» **Task description**:
Your copy must start with the line containing "Porn Journey screenshot" and end with the last line of the entries, matching them exactly and leaving out every picture.

Brief descriptive captions:
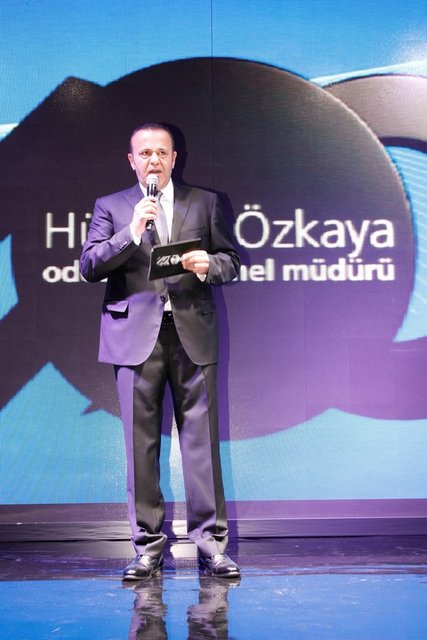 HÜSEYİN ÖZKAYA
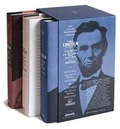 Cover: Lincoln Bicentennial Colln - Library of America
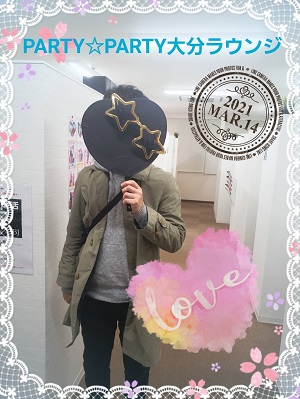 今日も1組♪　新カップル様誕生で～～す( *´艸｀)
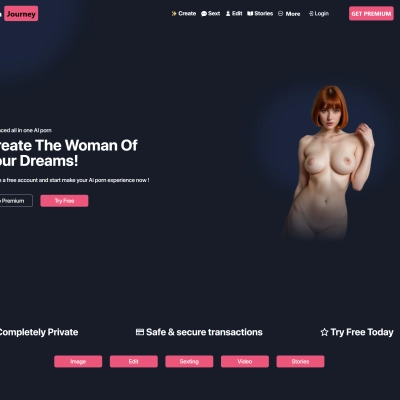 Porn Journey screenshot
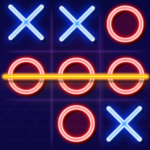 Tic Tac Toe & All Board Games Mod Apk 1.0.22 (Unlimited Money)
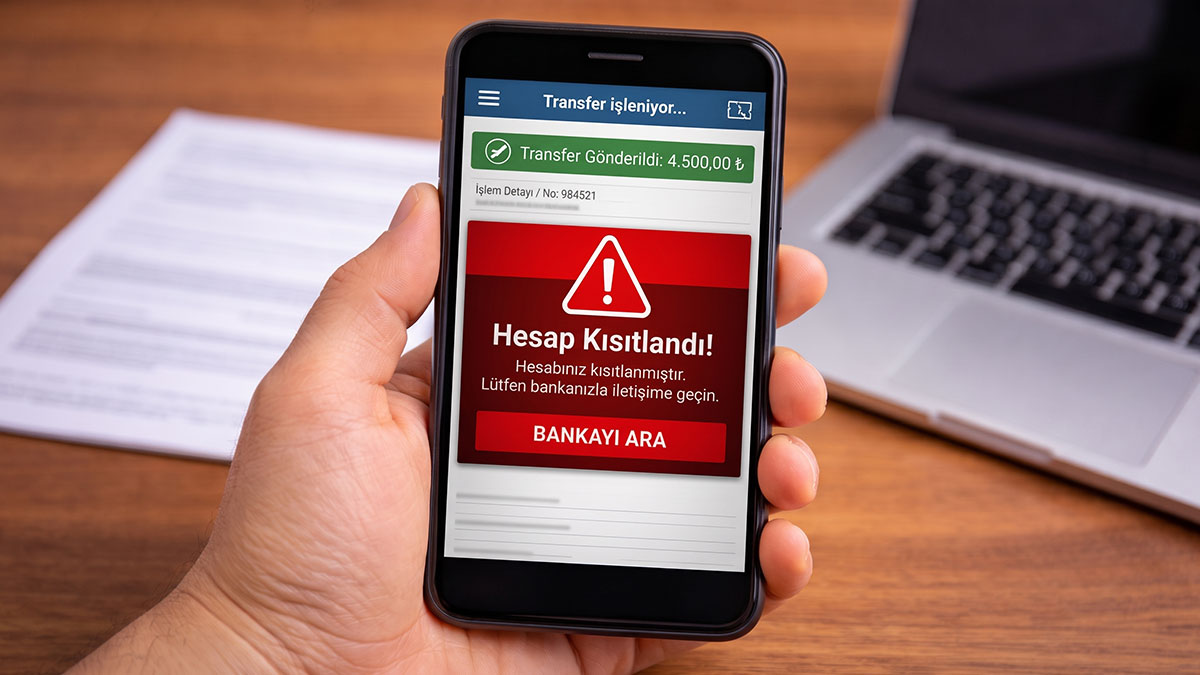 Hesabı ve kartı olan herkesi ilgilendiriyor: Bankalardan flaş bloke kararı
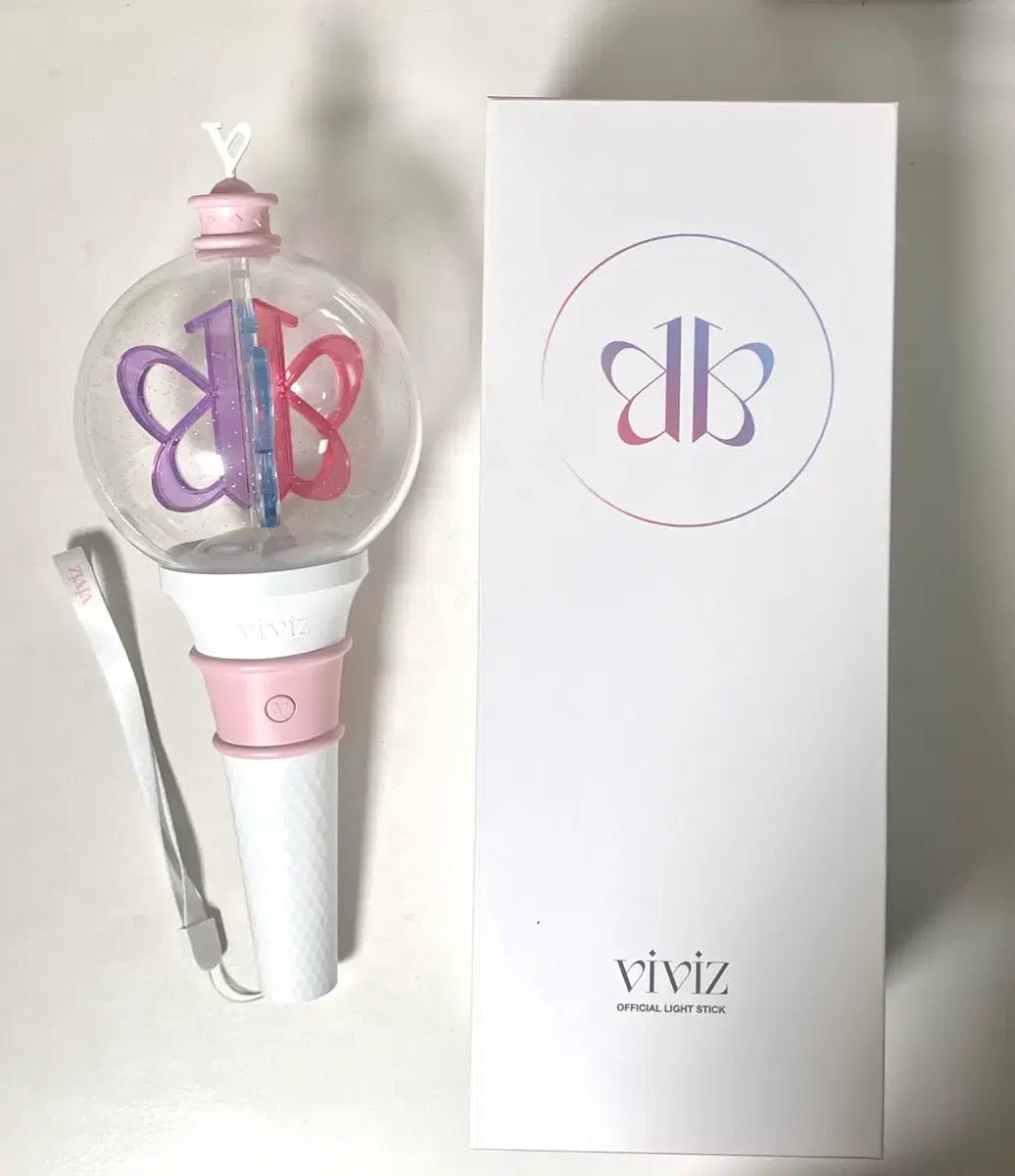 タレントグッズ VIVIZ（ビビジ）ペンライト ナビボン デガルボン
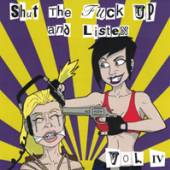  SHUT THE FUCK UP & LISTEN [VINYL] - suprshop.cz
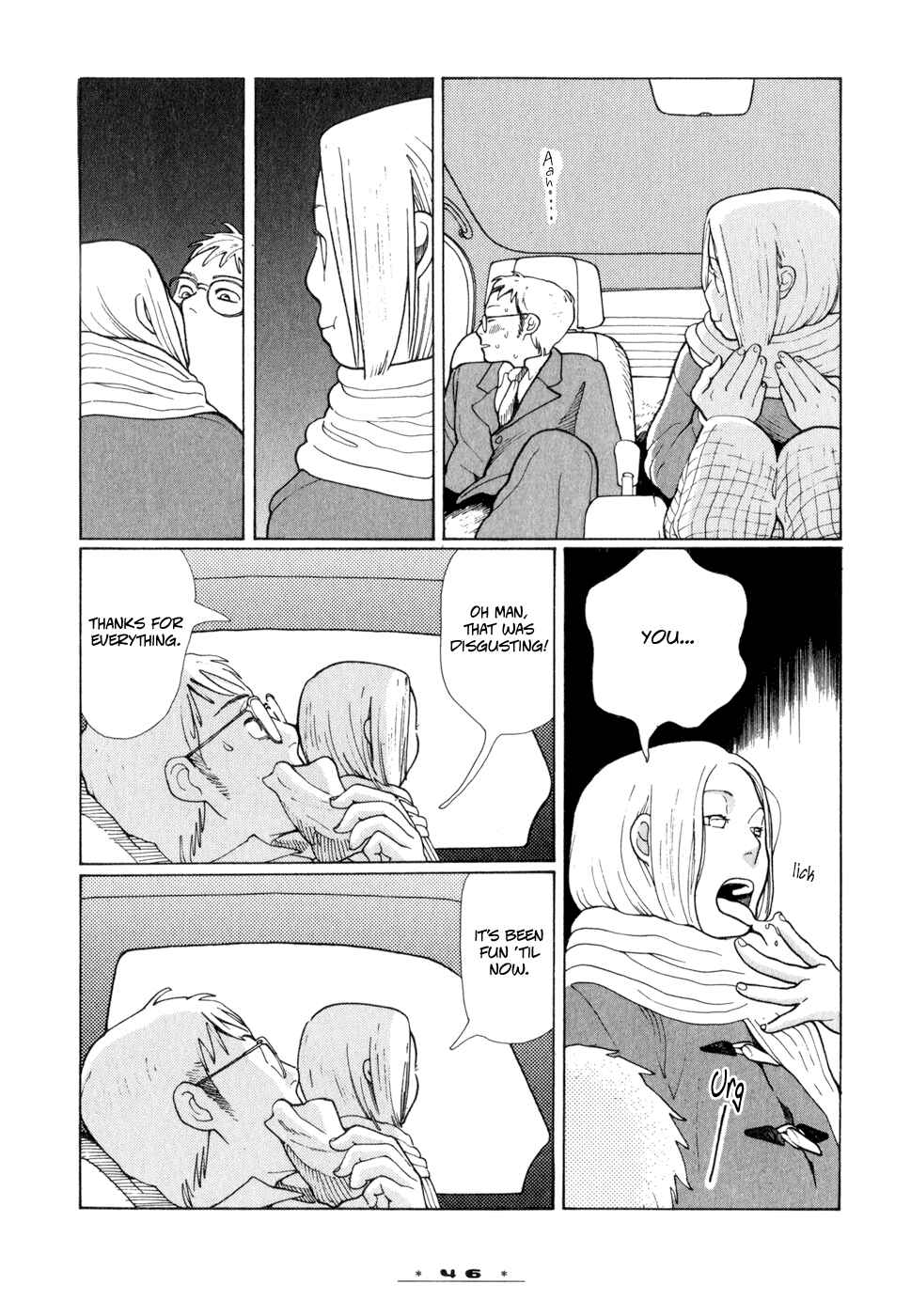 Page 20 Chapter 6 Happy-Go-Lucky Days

» **Exercise answer**:
 Porn Journey screenshot
 Tic Tac Toe & All Board Games Mod Apk 1.0.22 (Unlimited Money)
 Hesabı ve kartı olan herkesi ilgilendiriyor: Bankalardan flaş bloke kararı
 タレントグッズ VIVIZ（ビビジ）ペンライト ナビボン デガルボン
  SHUT THE FUCK UP & LISTEN [VINYL] - suprshop.cz
 Page 20 Chapter 6 Happy-Go-Lucky Days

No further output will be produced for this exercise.